January 2010


Sarah had a couple of days off for Lee-Jackson Day and Martin Luther King Day, and we needed to get away.  We both read The Big Sleep, stayed in a fabulous old downtown hotel for way cheap, and relied entirely on public transport, except for the bikes we rented in Santa Monica.  What a great town LA is, in its sprawling California way.  We went to Hollywood, Santa Monica, Venice, Griffith Park, MOCA, La Brea tar pits, the market—the whole tourist experience.  Public transport was cheap, plentiful and efficient.  We found Californians incredibly friendly and helpful.  We had one spectacular crazy on a busride home.  Truly eloquent.  In Venice we resisted the Kush Doctors being advertised but rode with a herd of pub crawling med students who emanated a manic contact high of their own.  I’m contemplating putting them on the same bus with the crazy in some fictional busride.  The weather was luxuriously warm and exquisite until the very end when we were rained on a little, but we found great shelter in Birds on Franklin Avenue, a terrific place.  The bookstore down the way had a 1st edition hardback of Circuit of Heaven I signed for them.  Don’t have too many of those myself, but the price was too high for me.  Some pictures:  Me with a Short-faced bear at La Brea, the Griffith Observatory and LA from Griffith Park, and the Santa Monica Pier.

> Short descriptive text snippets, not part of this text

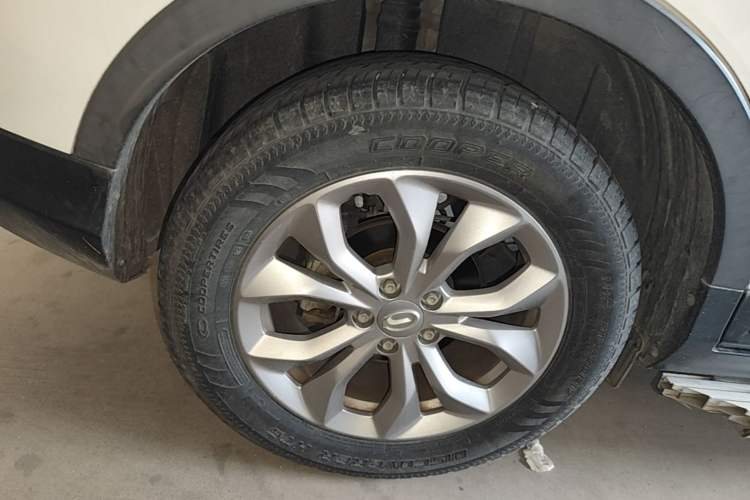 Used GAC Trumpchi GS3 2017 150N Automatic Elite Edition Right Rear Wheel Hub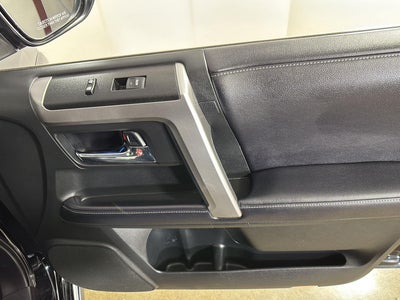 2019 Toyota 4 RUNNER Base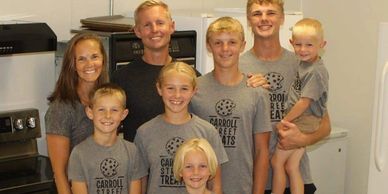 The Vander Zee family is handmaking one of Siouxland's hottest summer treats. 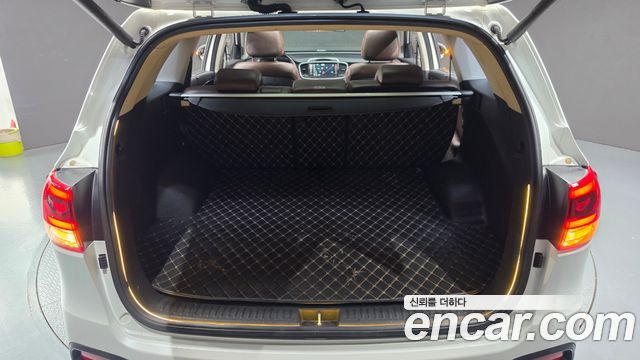 Kia Sorento 2015 — photo 31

I don’t need to include a picture with this.  You already know what the blue people look like.  They eat at McDonald’s.  They’re noble savages.  We earthlings are assholes.  No surprises here.  I was prepped for this movie by friend Len Krueger who suggested I think Dances with Wolves, maybe even Pocahontas.  The bar was way low in other words.  I went by myself, probably the best way to see this movie so that whatever you like won’t be too embarrassing right after.  It doesn’t have a brain in its predictable head, but it totally sucked me into its 3D world, so that by the end I loved those 9 foot blue people.  I was never bored.  Whether this is art or mind control I don’t know, but I enjoyed the ride.  Get in touch with your inner earth goddess and surrender to the software.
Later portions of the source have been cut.